- _How to complete this task_
The lines to copy run from the one containing "Chiffre d'affaires de" to the last line of the entries; output those lines exactly and only them, without pictures.
++++++++++++++++++++
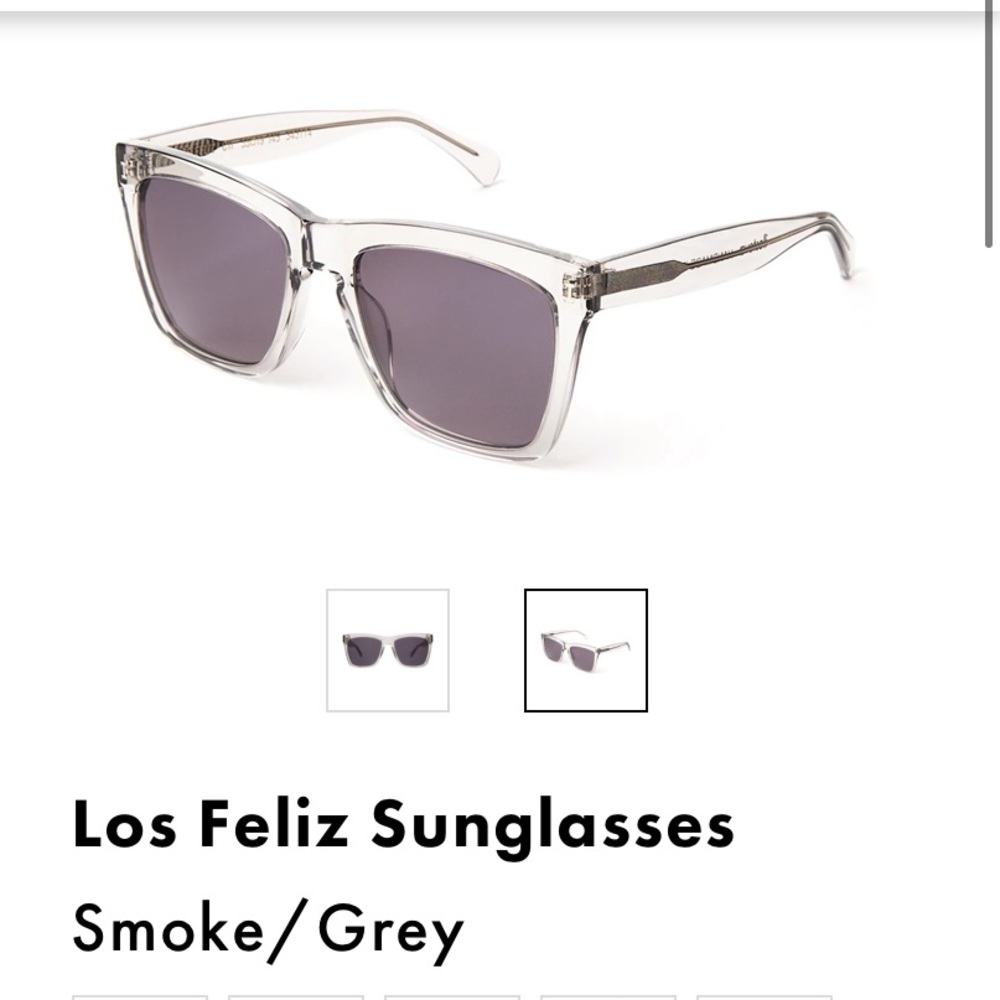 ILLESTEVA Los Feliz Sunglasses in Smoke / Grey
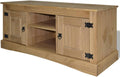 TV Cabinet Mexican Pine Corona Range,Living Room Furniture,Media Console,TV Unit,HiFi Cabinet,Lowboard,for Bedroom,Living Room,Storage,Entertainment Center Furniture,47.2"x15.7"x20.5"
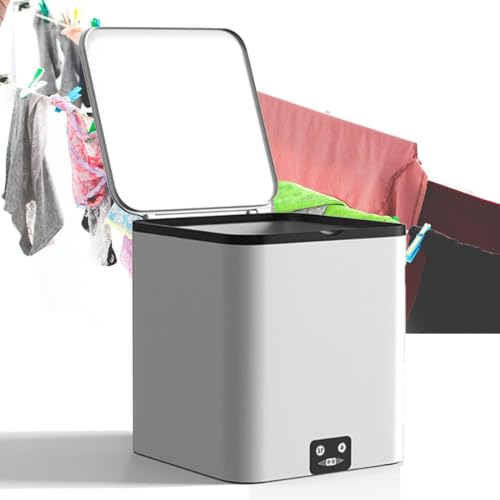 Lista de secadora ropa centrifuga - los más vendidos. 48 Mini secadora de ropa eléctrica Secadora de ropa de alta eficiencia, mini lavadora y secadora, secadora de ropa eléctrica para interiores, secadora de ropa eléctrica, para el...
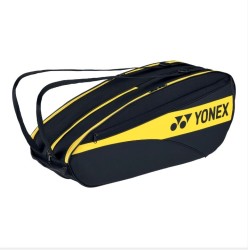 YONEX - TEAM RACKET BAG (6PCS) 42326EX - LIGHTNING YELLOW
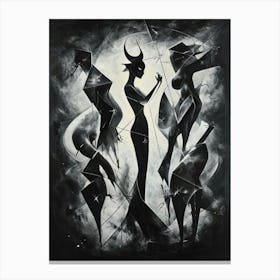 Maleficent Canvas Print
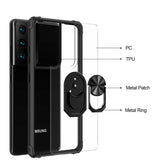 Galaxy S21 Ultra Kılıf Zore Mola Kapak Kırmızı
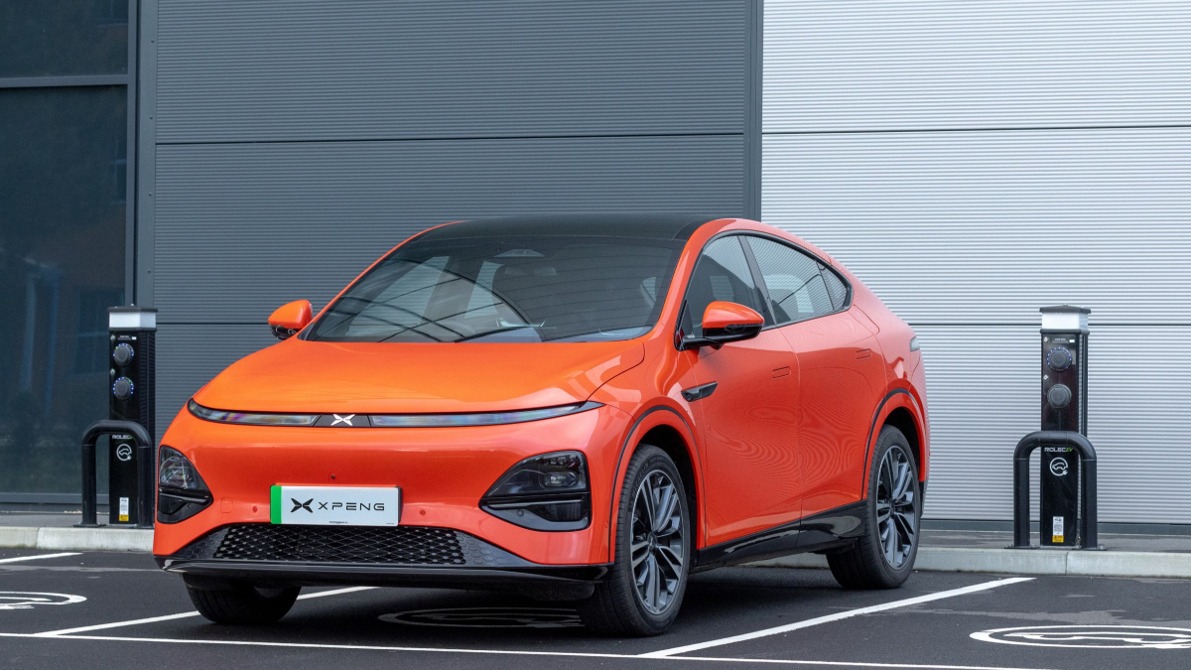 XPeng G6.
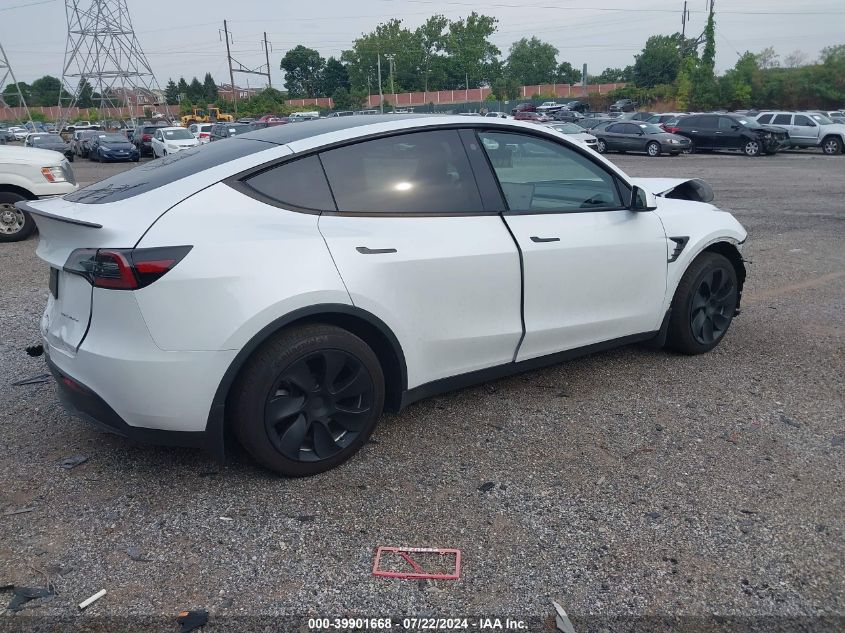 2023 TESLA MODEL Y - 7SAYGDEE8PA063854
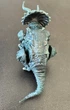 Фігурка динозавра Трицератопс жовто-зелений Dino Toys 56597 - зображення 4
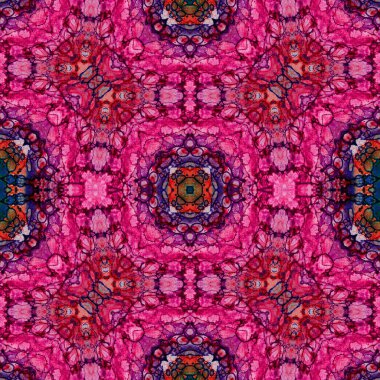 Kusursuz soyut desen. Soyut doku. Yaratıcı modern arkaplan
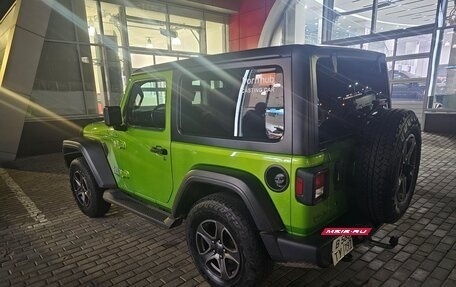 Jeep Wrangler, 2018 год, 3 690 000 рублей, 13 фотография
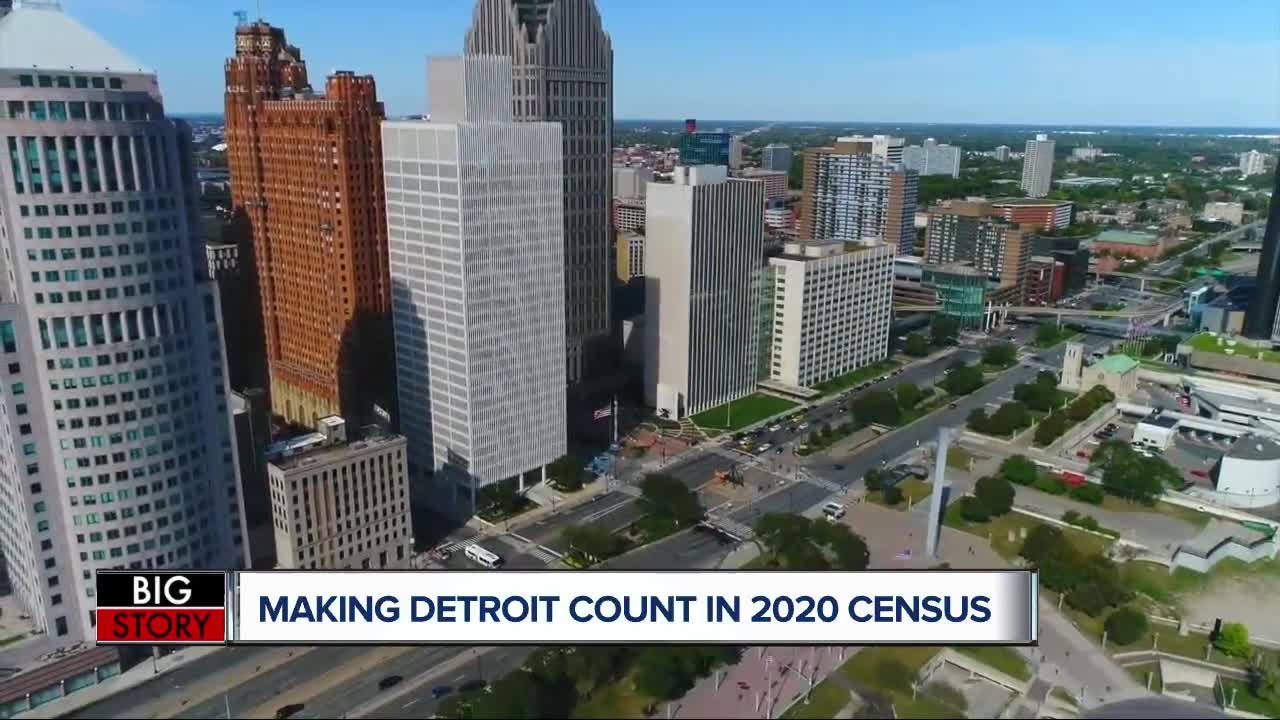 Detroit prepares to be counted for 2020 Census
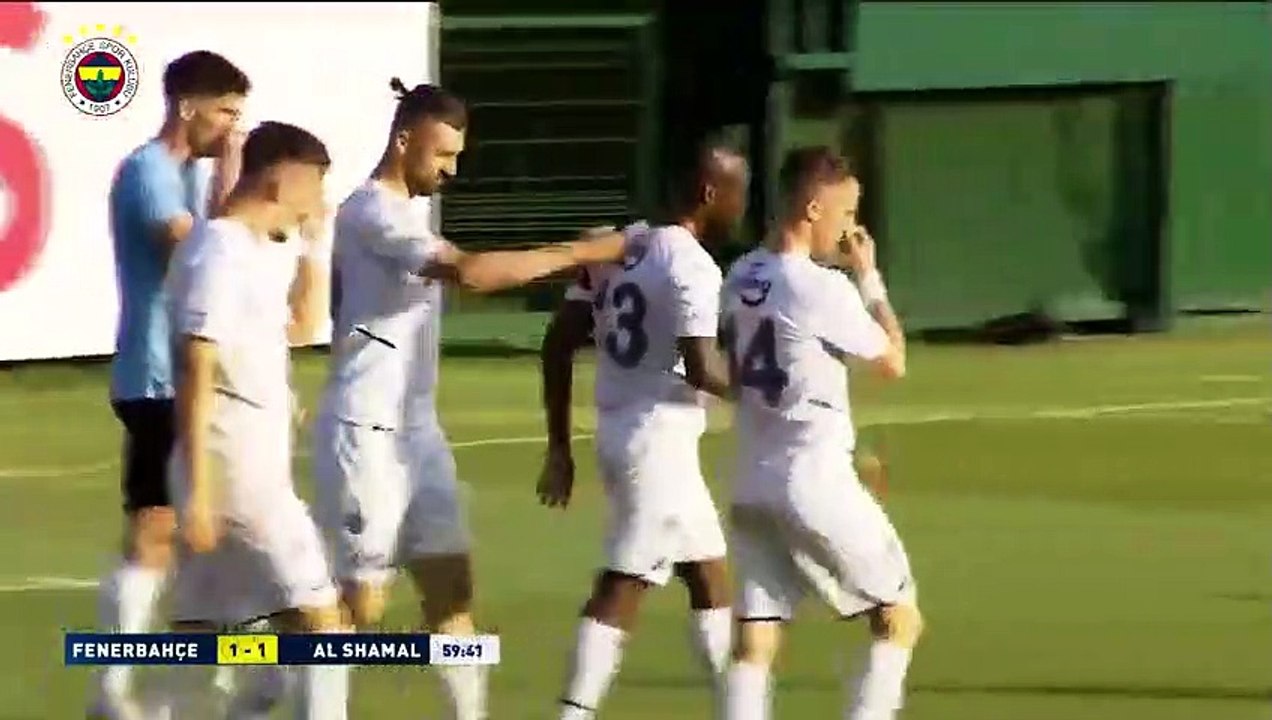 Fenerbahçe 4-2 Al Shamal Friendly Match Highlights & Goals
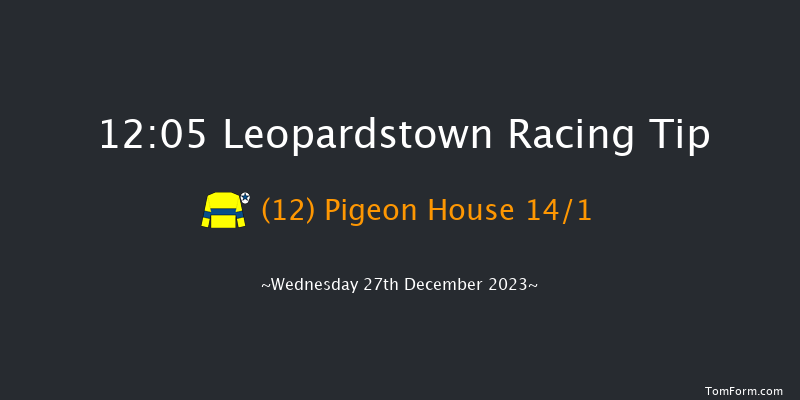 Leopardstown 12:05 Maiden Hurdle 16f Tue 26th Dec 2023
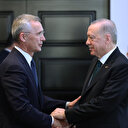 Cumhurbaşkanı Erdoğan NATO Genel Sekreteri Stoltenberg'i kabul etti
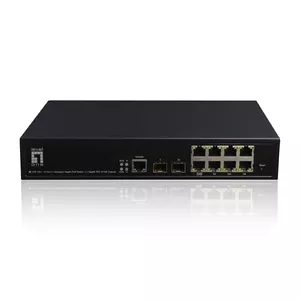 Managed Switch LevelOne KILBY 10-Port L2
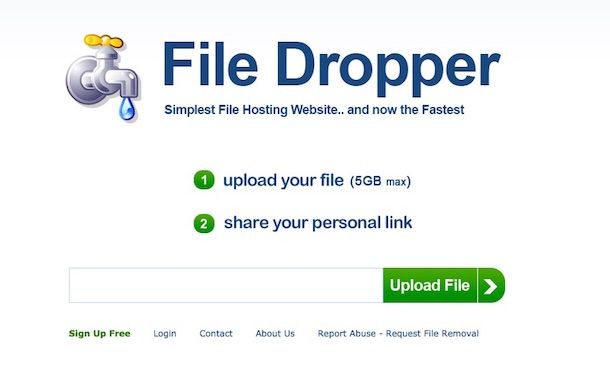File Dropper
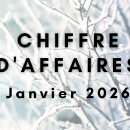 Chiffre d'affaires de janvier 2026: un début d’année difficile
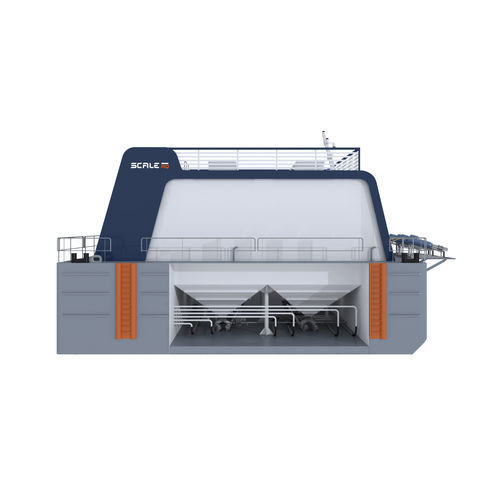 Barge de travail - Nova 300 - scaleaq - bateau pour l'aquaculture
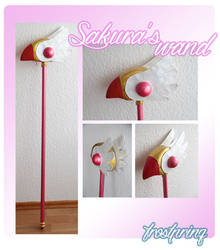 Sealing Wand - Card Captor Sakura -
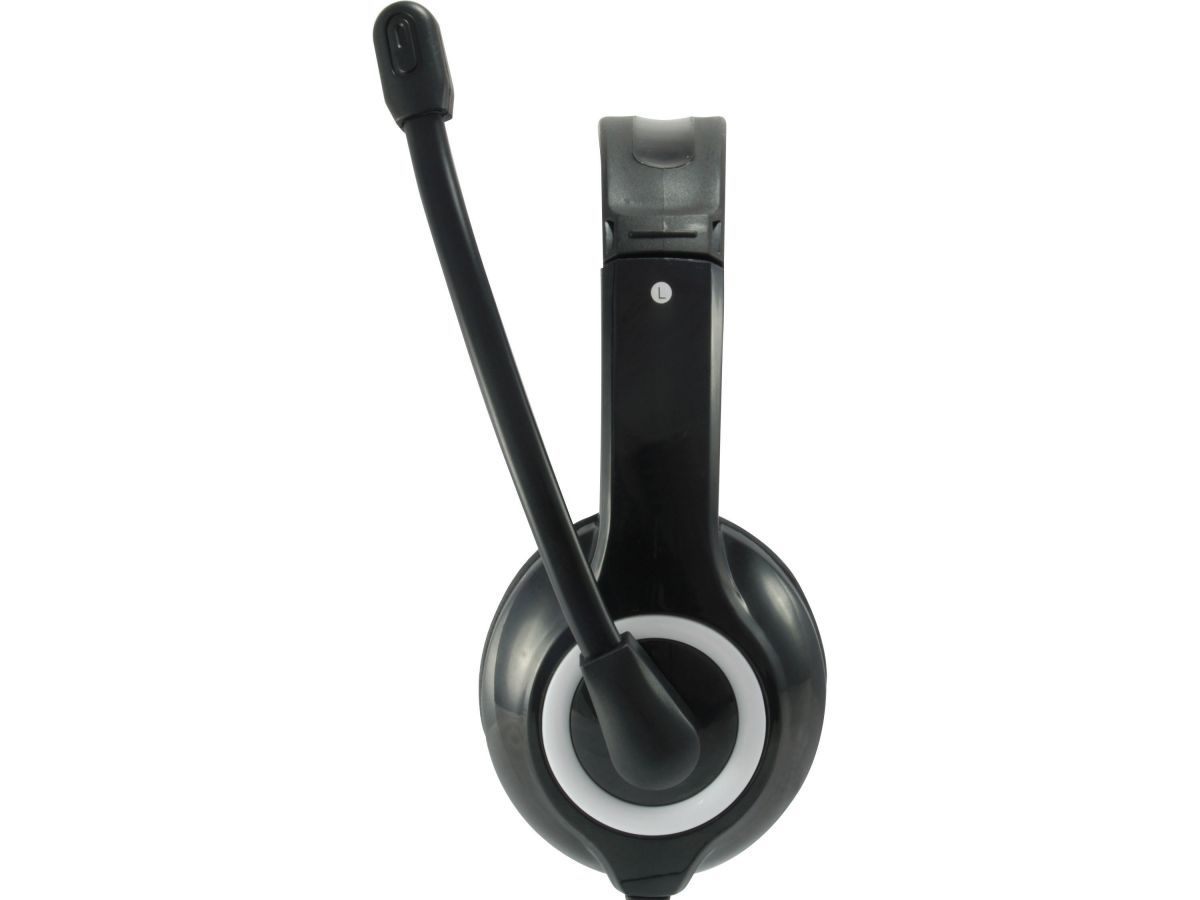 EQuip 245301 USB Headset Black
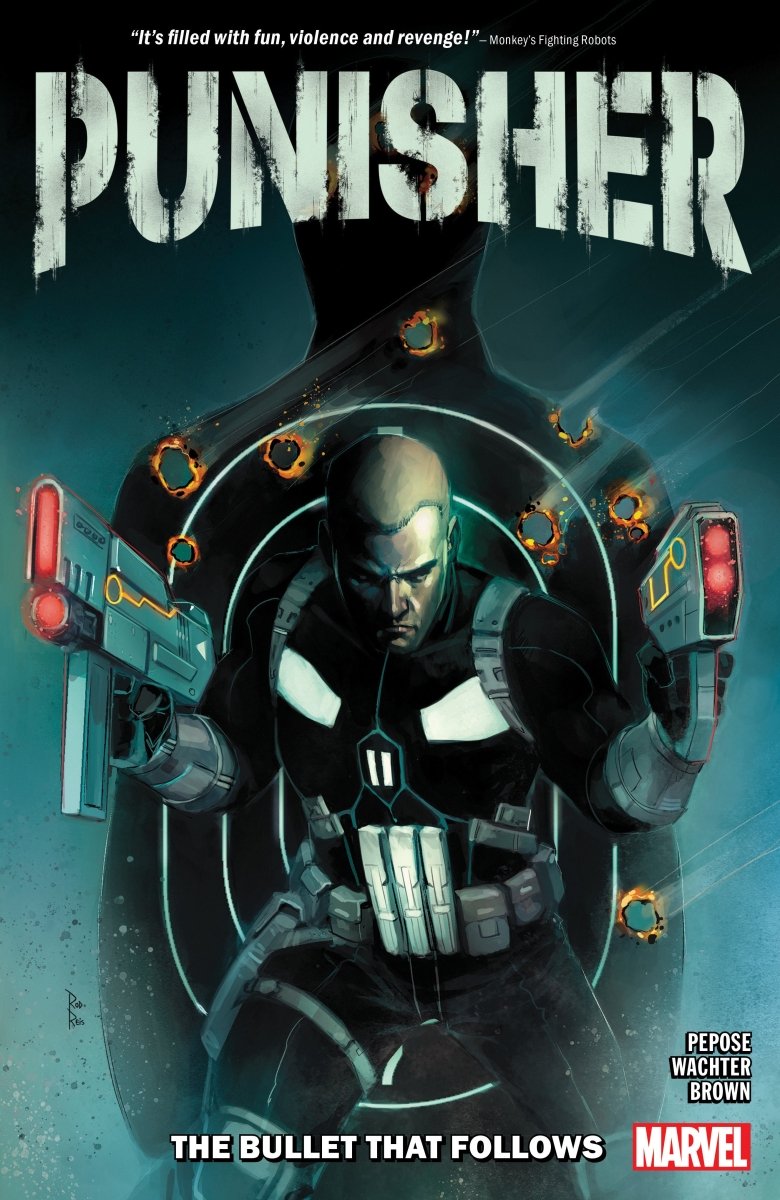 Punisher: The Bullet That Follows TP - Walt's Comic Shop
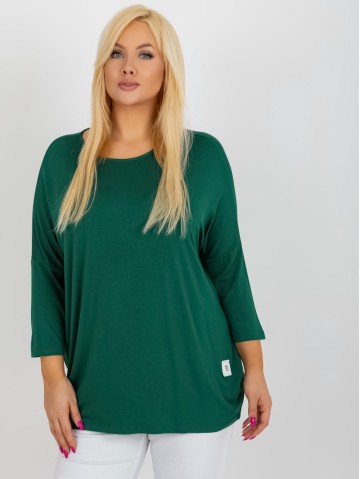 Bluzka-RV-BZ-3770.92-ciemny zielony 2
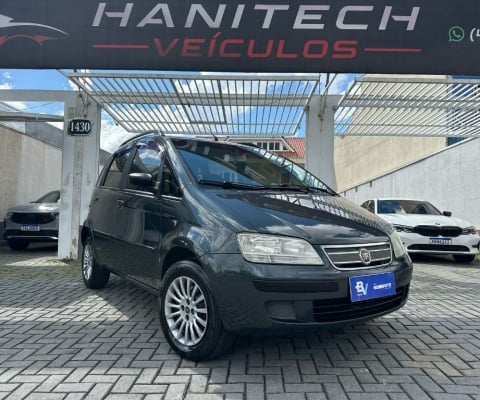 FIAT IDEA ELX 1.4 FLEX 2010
++++++++++++++++++++
- _Result_
 Chiffre d'affaires de janvier 2026: un début d’année difficile
 Barge de travail - Nova 300 - scaleaq - bateau pour l'aquaculture
 Sealing Wand - Card Captor Sakura -
 EQuip 245301 USB Headset Black
 Punisher: The Bullet That Follows TP - Walt's Comic Shop
 Bluzka-RV-BZ-3770.92-ciemny zielony 2
 FIAT IDEA ELX 1.4 FLEX 2010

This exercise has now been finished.